State Secretary Reich Ministry of Public Enlightenment and Propaganda
- In office 23 May 1941 – 22 April 1944
- Minister: Joseph Goebbels
- Preceded by: Karl Hanke
- Succeeded by: Werner Naumann

Vice President Reich Chamber of Culture
- In office 23 May 1941 – 22 April 1944
- President: Joseph Goebbels
- Preceded by: Karl Hanke
- Succeeded by: Werner Naumann

Head of Department II (Propaganda) Reich Ministry of Public Enlightenment and Propaganda
- In office March 1938 – 23 May 1941

Personal details
- Born: 25 April 1902 Baden-Baden, Grand Duchy of Baden, German Empire
- Died: 27 December 1996 (aged 94) Aachen, North Rhine-Westphalia, Germany
- Party: Nazi Party
- Alma mater: Goethe University Frankfurt
- Occupation: Newspaper editor
- Awards: Golden Party Badge

Military service
- Allegiance: Nazi Germany
- Branch/service: Schutzstaffel (SS) German Army
- Years of service: 1927–1945 1944–1945
- Rank: SS-Brigadeführer Unteroffizier
- Battles/wars: World War II

= Leopold Gutterer =

German Nazi Party official (1902–1996)

Leopold Gutterer (25 April 1902 – 27 December 1996) was a Nazi Party official and propagandist. He rose to the positions of State Secretary in the Reich Ministry for Public Enlightenment and Propaganda and Vice President of the Reich Chamber of Culture in Nazi Germany. In both offices, he reported directly to Reichsminister of Propaganda Joseph Goebbels. He was also an SS-Brigadeführer. After the conclusion of the Second World War, he underwent denazification and was sentenced to serve time in a labor camp.

== Early life ==
Gutterer was born in Baden-Baden and, after graduating from the local Gymnasium in 1920, he served in the Freikorps as a member of the Marinebrigade Ehrhardt. He also was a member of the Deutschvölkischer Schutz- und Trutzbund, the largest and most active antisemitic organization in the Weimar Republic. He worked for a time as a newspaper editor in 1922 before enrolling in courses on German studies, theater and ethnology at the Goethe University Frankfurt, though it is unclear whether he earned a university degree.

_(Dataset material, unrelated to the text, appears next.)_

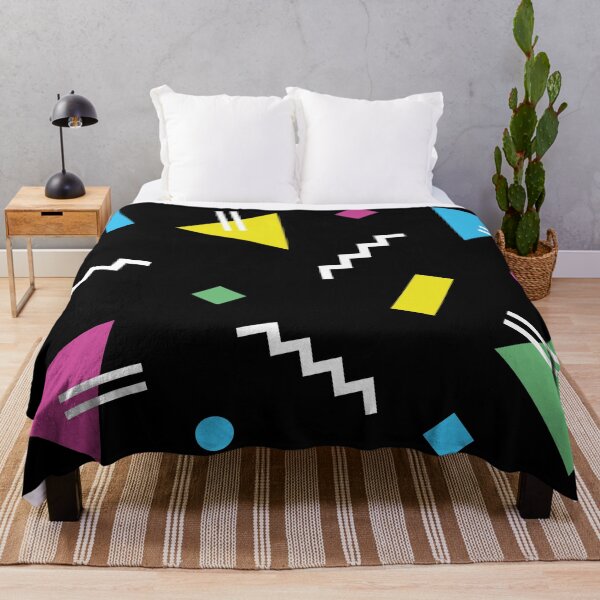 Item preview, Memphis Pattern 70 - Retro 90s / 80s designed and sold by GraphicWave.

On 23 May 1925, Gutterer joined the Nazi Party (membership number 6,275) and, as an early Party member, he would later be awarded the Golden Party Badge. He co-founded a Nazi newspaper, the Frankfurter Beobachter (Frankfurt Observer) in Frankfurt am Main and worked as an editor and publisher from 1927. That same year, he also joined the SS in Frankfurt (SS number 1,028).

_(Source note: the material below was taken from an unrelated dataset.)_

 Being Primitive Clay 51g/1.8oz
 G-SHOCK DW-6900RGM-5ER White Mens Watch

Gutterer next served as the Nazi Party Bezirksleiter in Göttingen, and was made the editor of the Niedersachsen Beobachter (Lower Saxony Observer), working full-time for the Party from 1929. A persuasive orator, he was named a national Party speaker (Reichsreder) and delivered propaganda addresses at party events throughout Germany. Because of this, he was arrested several times and served several short jail sentences. He served successively from 1931 as an Ortsgruppenleiter, Bezirksleiter and Kreisleiter in Hanover before becoming the propaganda leader of Gau Southern Hanover-Brunswick. He had a leading role in coordinating election rallies for Adolf Hitler in the successful Nazi campaign for the 1933 Lippe state election.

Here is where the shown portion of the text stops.